Information provided ->
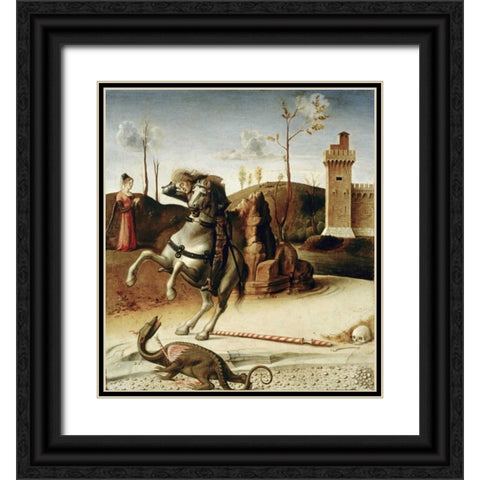 Saint George  from The Pala Pesaro Black Ornate Wood Framed Art Print with Double Matting by Bellini, Giovanni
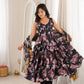 Pure Muslin Floral Print Partywear Gown Set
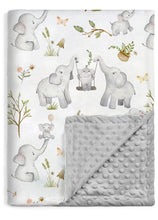 Load image into Gallery viewer, Baby Blankets for Unisex Boys Girls, Super Soft Nursery Minky Blankets with Baby Elephant Design and Dotted Fleece Backing, Printed Bed Throws Newborn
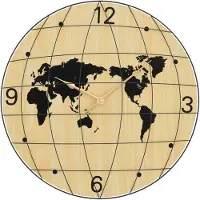 vidaXL Wanduhr Gelb und Schwarz Ø50 cm Holzwerkstoff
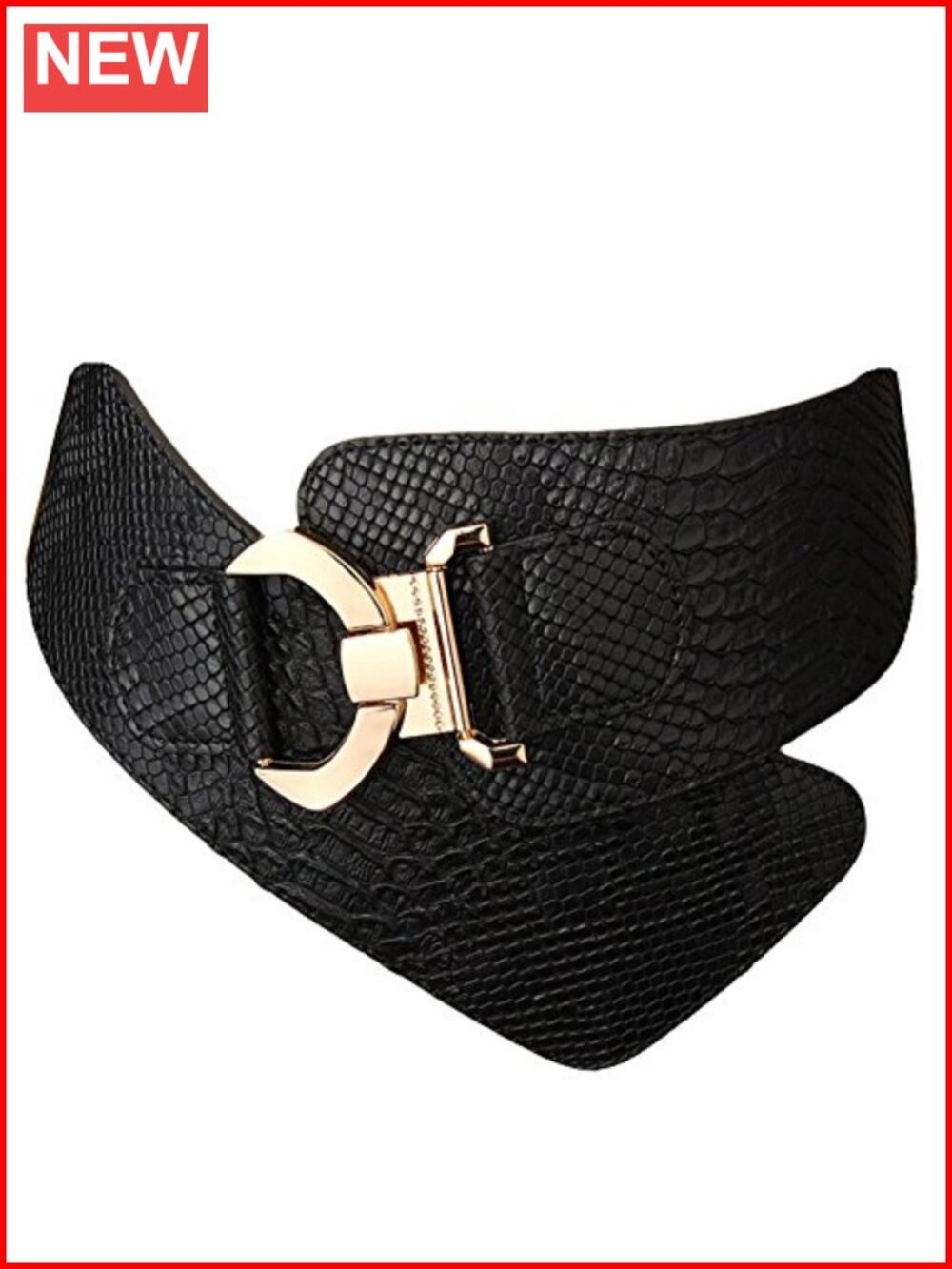 Women's Wide Elastic Stretch Waist Belt with Gold Interlock Buckle
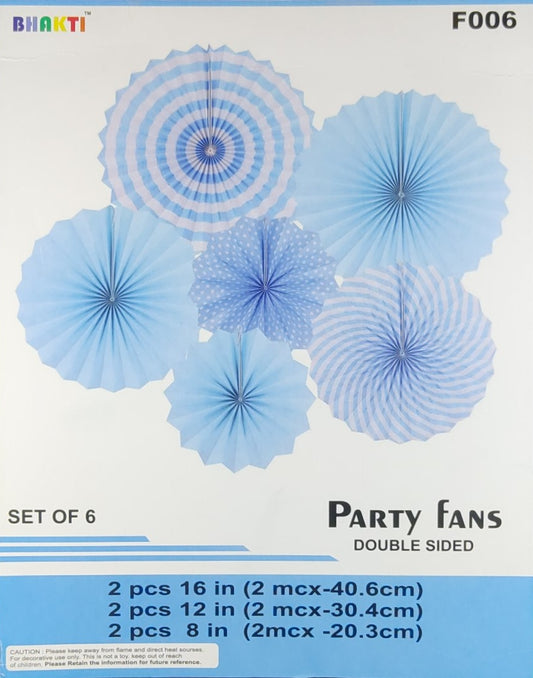 Blue Paper Fans - 6 pieces set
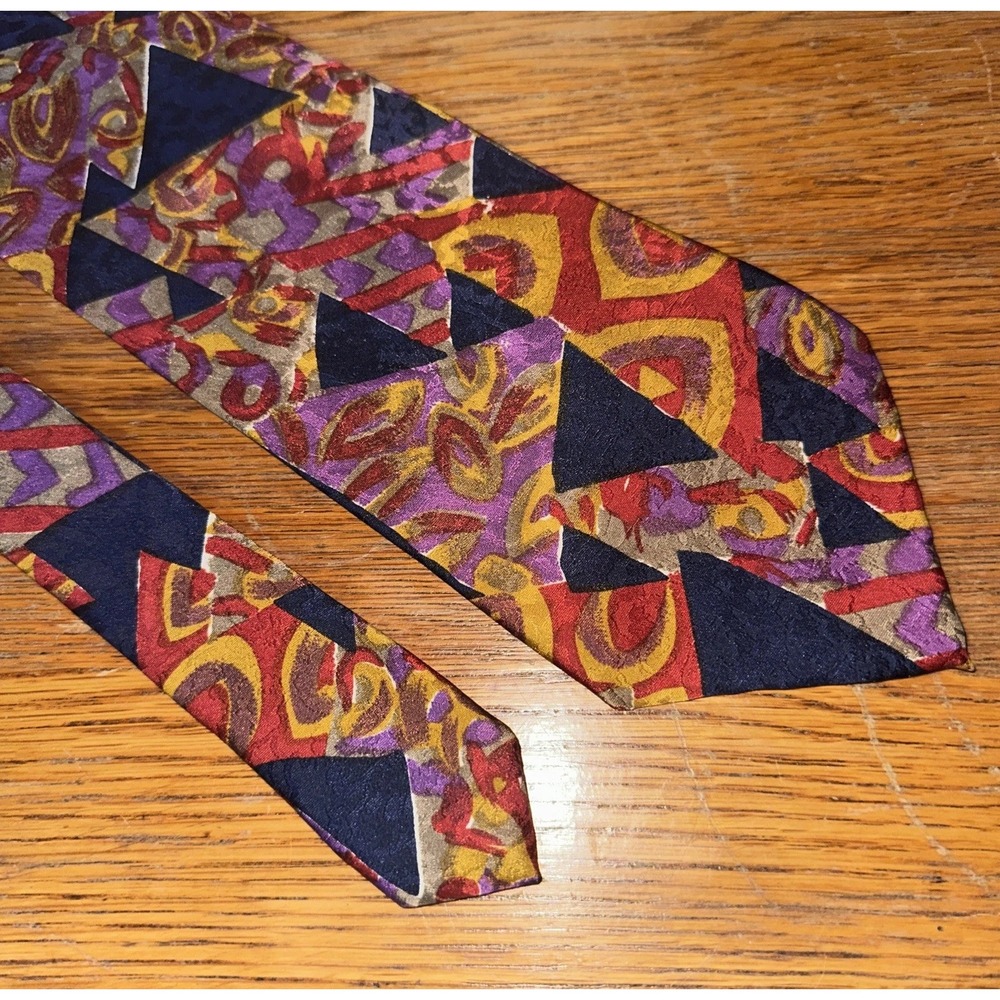 STEFANO‎ ROSSINI Neck Tie 100% Silk Handmade 4"x58" Blue Purple Burgundy Tan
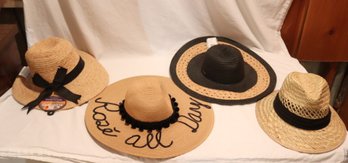 4 Straw Sun Beach Hats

Work instructions ->
Of the lines above, quote exactly those from the one with "Pure Muslin Floral Print Partywear Gown Set" through the one with "Women's Wide Elastic", ends included; pictures stay out.

Solution for this task ->
 Pure Muslin Floral Print Partywear Gown Set
 Load image into Gallery viewer, Baby Blankets for Unisex Boys Girls, Super Soft Nursery Minky Blankets with Baby Elephant Design and Dotted Fleece Backing, Printed Bed Throws Newborn
 vidaXL Wanduhr Gelb und Schwarz Ø50 cm Holzwerkstoff
 Women's Wide Elastic Stretch Waist Belt with Gold Interlock Buckle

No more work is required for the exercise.